Kilean Lucas, Mehdi Dehghani, Tejas Khire, Thomas Gaborski, Jonathan D. Flax, Richard E. Waugh, James L. McGrath
Journal of membrane science 2021 v.633 pp. 119357
Peclet number, bovine serum albumin, dynamic models, exosomes, nanogold, nanopores, silicon nitride, ultrafiltration, viruses
Beyond their use as separation tools, nanoporous membranes can be used for the capture and analysis of biological nanoparticles such as virus or small extracellular vesicles (sEVs). While the challenges of imaging sub-optical particles can be addressed with high resolution imaging techniques, separation challenges remain. We have recently reported on a method of capturing and isolating sEVs, including diagnostically valuable exosomes, in the pores of ultrathin (100 nm thick) nanoporous silicon nitride (NPN) membranes in a microfluidic flow scheme we termed tangential flow for analyte capture (TFAC).

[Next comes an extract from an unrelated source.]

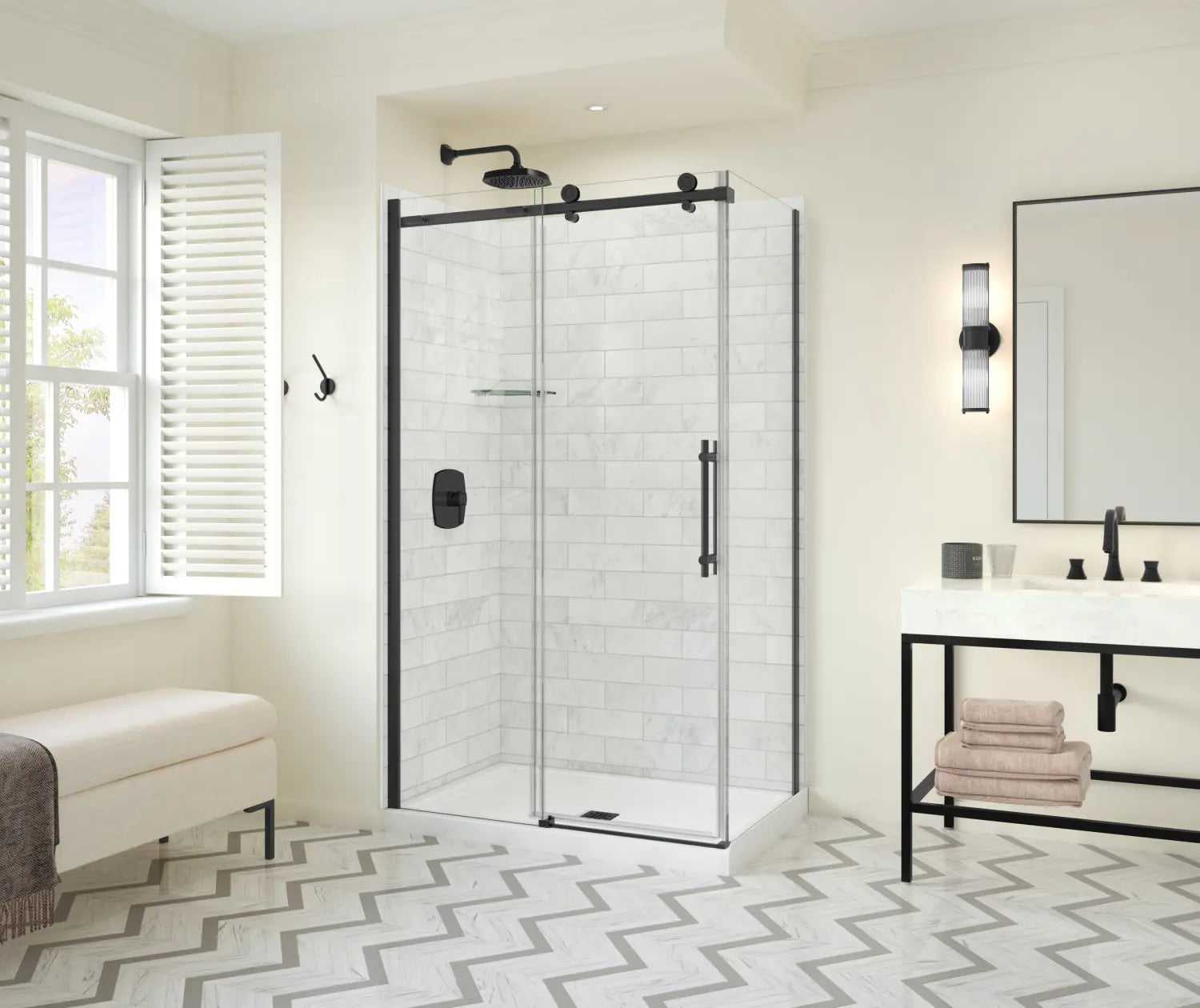 Odyssey SC 48" x 32" x 78" 8mm Sliding Shower Door for Corner Installation with Clear glass in Matte Black - Plumbing Market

Here we present static analytical and dynamic computational models of nanoparticle capture on NPN and compare them to a range of experiments using 60 nm gold nanoparticles (AuNPs) as surrogates for biological nanoparticles. In the presence of 1 mg/mL bovine serum albumin to prevent the formation of gold nanoparticle aggregates, we find that the dynamic model is highly predictive of particle capture over a range of practical flow conditions (~ 10% error at low ultrafiltration rates, ~ 1% error at high ultrafiltration rates). Despite the small size of nanoparticles, we find that convective transport dominates diffusive transport during capture (Peclet number > 100), enabling the simple rule-of-thumb that the fraction of nanoparticles captured from solution roughly equals the fraction of the input sample that is ultrafiltered (<15% maximum error). Our work demonstrates the utility of ultrathin membranes in the capture and quantification of nanoparticles in a microfluidic filtration device and provides a needed foundation for the design of forthcoming systems that capture and characterize diagnostically relevant nanoparticles and biomarkers.